We refer to a set $A \in \mathcal P_{{\rm fin},0}(\mathbf N)$ as an atom if (i) $A \ne \{0\}$ and (ii) $A \ne X+Y$ for all $X, Y \in \mathcal P_{{\rm fin},0}(\mathbf N) \setminus \bigl\{\{0\}\bigr\}$: Note that $\{0\}$ is the identity (and, in fact, the only unit) of $\mathcal P_{{\rm fin},0}(\mathbf N)$, so this is nothing but a special instance of the general notion of atom (or irreducible element) for an arbitrary monoid.

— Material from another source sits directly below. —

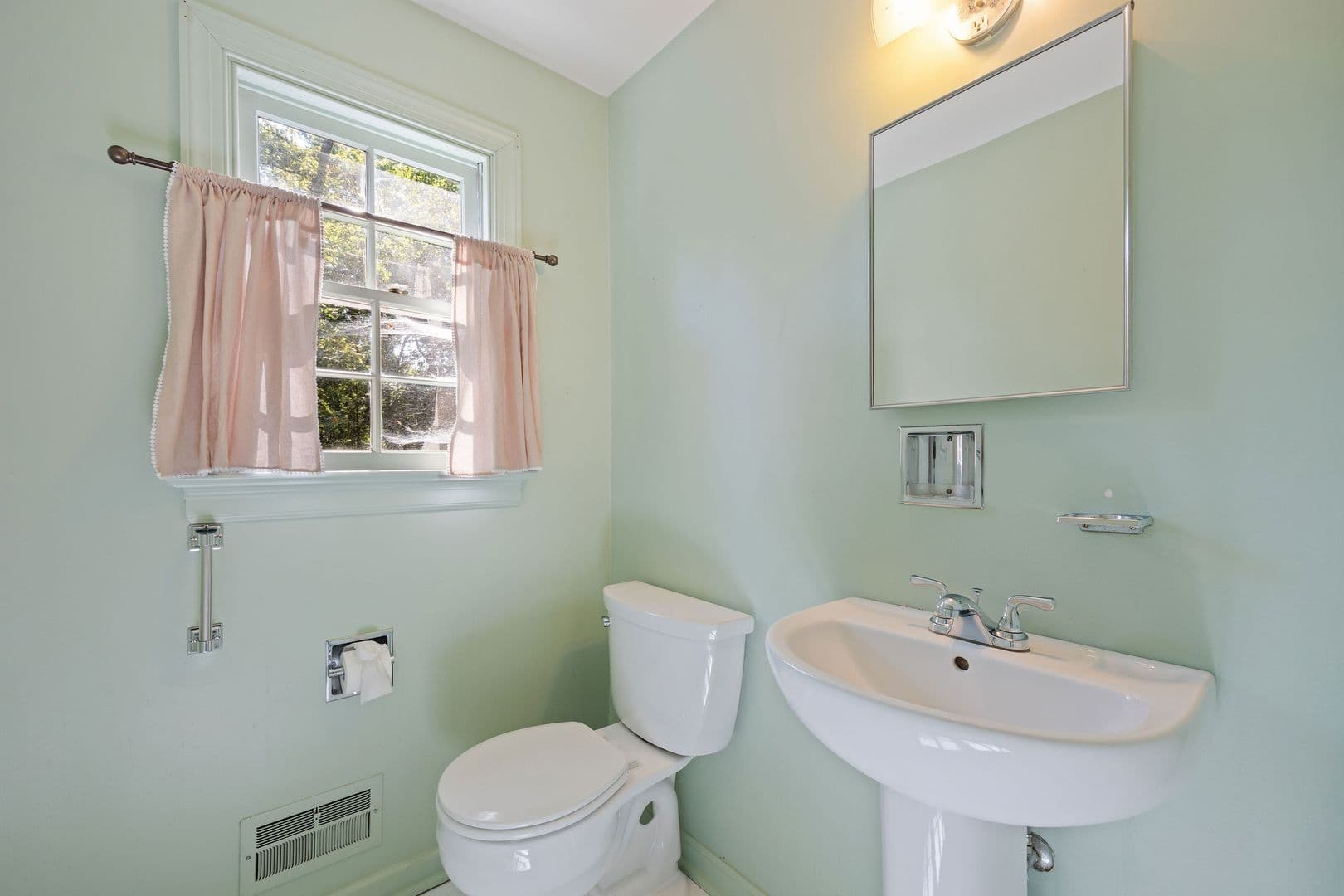 N Chesterfield House: 2401 Scarsborough Dr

With this in mind, fix $X \in \mathcal P_{{\rm fin},0}(\mathbf N)$. We take ${\sf L}(X) := \{0\}$ if $X = \{0\}$; otherwise, ${\sf L}(X)$ is the set of all $k \in \mathbf N^+$ for which there exist atoms $A_1, \ldots, A_k \in \mathcal P_{{\rm fin},0}(\mathbf N)$ such that $X = A_1 + \cdots + A_k$: In factorization theory, ${\sf L}(X)$ would be called the set of lengths of $X$ (relative to the atoms of $\mathcal P_{{\rm fin},0}(\mathbf N)$), which explains the title.

Q. Is it true that $|{\sf L}(nX)| \to \infty$ as $n \to \infty$ unless $X = \{0\}$?

Of course, it's enough to show that the answer is yes in the special case when $X$ is an atom, though I'm not so sure that this makes things any easier. What is perhaps more interesting is that a positive answer is equivalent to showing that there exists $n \in \mathbf N^+$ such that $|\mathsf L(nX)| \ge 2$: This comes as a consequence of a general, simple fact about sets of lengths in factorization theory.

Incidentally, it's probably worth mentioning that $\mathcal P_{{\rm fin},0}(\mathbf N)$ is a (reduced) BF-monoid, that is, $1 \le |\mathsf L(X)| < \infty$ for every non-zero $X \in \mathcal P_{{\rm fin},0}(\mathbf N)$.